• **Exercise objective**
Copy each record exactly as it reads, leaving out any pictures it holds.

[[ Available data open ]]

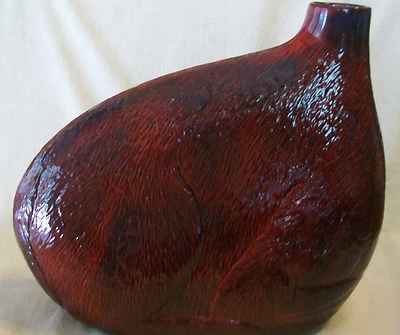 VASO DE VIDRO VERMELHO SOPRADO À MÃO EXCLUSIVO COM VEADOS NAS LATERAIS - Imagem 1 de 4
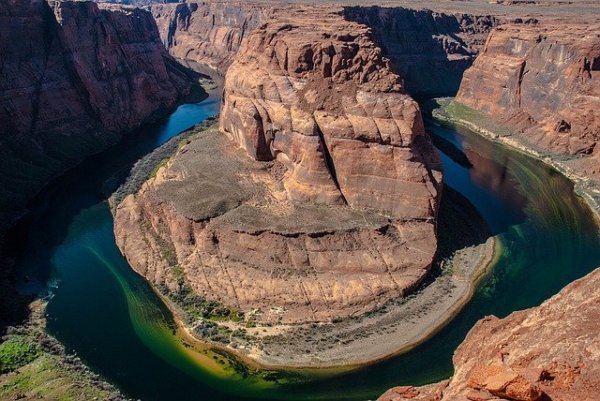 horseshoe-bend-1269570_640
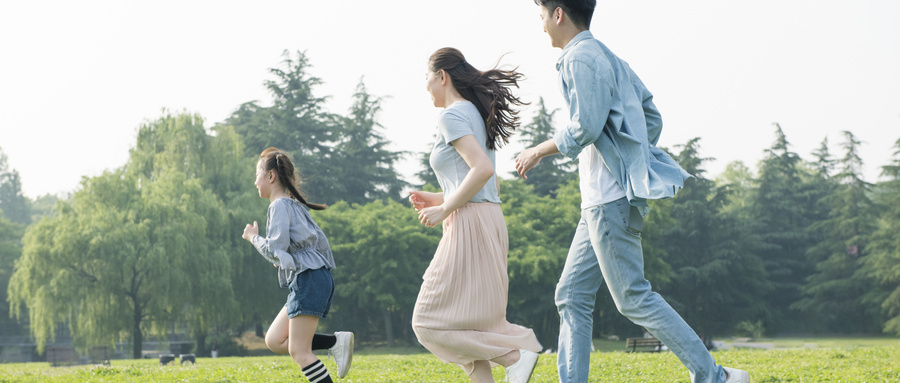 如何培養(yǎng)出快樂(lè)、溫暖、人格健全的孩子？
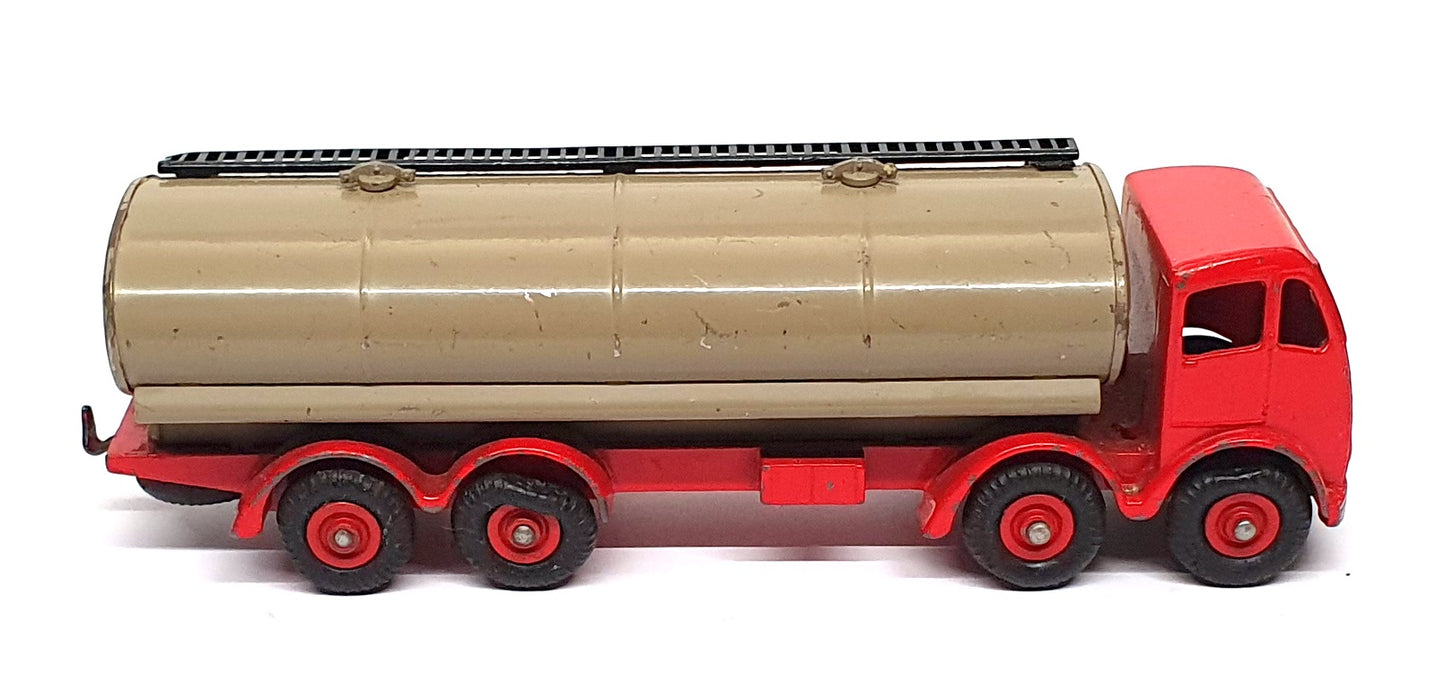 Dinky Toys 504 - Foden 14T. Tanker Truck - Red/Fawn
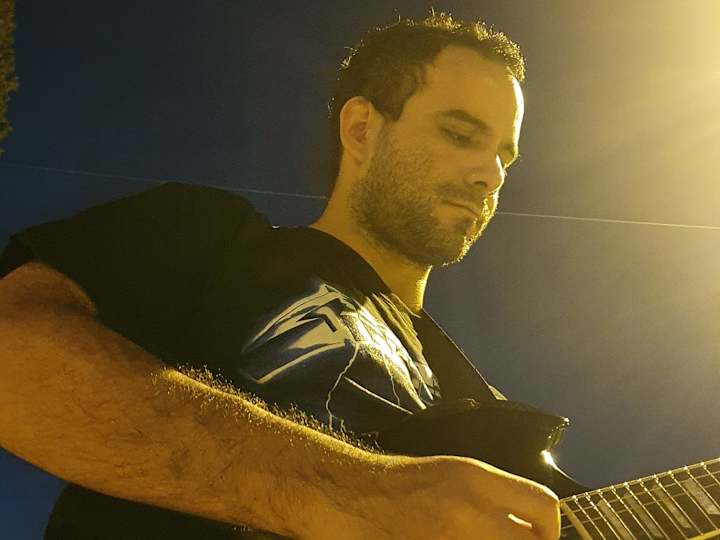 Cover image for Guitareasy
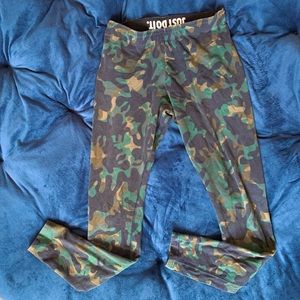 Nike Camo Legging Women’s - M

[[ Available data closed ]]

• **Output for this task**
 VASO DE VIDRO VERMELHO SOPRADO À MÃO EXCLUSIVO COM VEADOS NAS LATERAIS - Imagem 1 de 4
 horseshoe-bend-1269570_640
 如何培養(yǎng)出快樂(lè)、溫暖、人格健全的孩子？
 Dinky Toys 504 - Foden 14T. Tanker Truck - Red/Fawn
 Cover image for Guitareasy
 Nike Camo Legging Women’s - M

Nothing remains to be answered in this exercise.